INSTRUCTIONS FOR THE TASK ->
Please restate exactly what appears in the records below from the first line to the line where "Tapeta Abstraktné farebné vlnovky" is, that line included.

MATERIAL SUPPLIED ->
•••

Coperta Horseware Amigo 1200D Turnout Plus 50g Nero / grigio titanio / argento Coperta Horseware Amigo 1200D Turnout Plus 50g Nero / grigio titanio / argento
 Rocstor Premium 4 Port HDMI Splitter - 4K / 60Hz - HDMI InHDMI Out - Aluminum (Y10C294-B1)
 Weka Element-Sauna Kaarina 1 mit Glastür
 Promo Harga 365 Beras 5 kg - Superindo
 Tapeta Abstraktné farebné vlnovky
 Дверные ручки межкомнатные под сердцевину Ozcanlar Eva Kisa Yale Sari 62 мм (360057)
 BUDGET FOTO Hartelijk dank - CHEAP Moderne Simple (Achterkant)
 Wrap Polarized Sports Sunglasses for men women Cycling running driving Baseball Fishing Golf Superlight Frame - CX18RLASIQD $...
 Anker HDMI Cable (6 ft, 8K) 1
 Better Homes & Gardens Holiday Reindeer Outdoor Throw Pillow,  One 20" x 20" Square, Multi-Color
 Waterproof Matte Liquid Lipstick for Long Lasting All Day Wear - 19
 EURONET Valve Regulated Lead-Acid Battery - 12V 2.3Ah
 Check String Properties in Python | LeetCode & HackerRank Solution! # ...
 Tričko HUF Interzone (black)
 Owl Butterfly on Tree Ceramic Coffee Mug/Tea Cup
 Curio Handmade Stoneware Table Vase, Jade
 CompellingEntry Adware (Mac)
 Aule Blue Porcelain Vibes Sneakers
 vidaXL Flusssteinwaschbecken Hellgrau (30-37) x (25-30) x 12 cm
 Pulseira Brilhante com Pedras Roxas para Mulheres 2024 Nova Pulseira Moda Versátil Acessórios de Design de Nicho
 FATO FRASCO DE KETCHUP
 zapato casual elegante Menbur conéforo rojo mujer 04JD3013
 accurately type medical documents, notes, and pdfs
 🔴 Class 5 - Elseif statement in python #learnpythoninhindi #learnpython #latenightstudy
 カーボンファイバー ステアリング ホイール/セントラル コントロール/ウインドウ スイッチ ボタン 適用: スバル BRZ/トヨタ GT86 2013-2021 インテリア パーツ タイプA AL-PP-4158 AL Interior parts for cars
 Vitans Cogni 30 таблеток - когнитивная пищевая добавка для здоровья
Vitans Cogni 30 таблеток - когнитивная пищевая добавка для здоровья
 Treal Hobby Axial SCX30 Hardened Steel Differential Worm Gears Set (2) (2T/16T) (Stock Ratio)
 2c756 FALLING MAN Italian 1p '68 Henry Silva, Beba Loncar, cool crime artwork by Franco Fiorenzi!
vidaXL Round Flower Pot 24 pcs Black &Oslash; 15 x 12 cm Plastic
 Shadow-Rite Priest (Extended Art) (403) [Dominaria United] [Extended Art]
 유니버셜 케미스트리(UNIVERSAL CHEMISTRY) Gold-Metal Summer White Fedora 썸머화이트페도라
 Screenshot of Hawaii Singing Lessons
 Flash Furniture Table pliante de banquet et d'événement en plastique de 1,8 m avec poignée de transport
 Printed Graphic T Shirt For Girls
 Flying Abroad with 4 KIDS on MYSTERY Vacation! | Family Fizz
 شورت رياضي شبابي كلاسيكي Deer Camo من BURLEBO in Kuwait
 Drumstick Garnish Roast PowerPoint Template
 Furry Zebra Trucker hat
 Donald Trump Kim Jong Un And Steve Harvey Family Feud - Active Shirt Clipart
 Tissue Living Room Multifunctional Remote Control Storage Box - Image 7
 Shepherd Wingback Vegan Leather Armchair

•••

ANSWER BOX ->
Coperta Horseware Amigo 1200D Turnout Plus 50g Nero / grigio titanio / argento Coperta Horseware Amigo 1200D Turnout Plus 50g Nero / grigio titanio / argento
 Rocstor Premium 4 Port HDMI Splitter - 4K / 60Hz - HDMI InHDMI Out - Aluminum (Y10C294-B1)
 Weka Element-Sauna Kaarina 1 mit Glastür
 Promo Harga 365 Beras 5 kg - Superindo
 Tapeta Abstraktné farebné vlnovky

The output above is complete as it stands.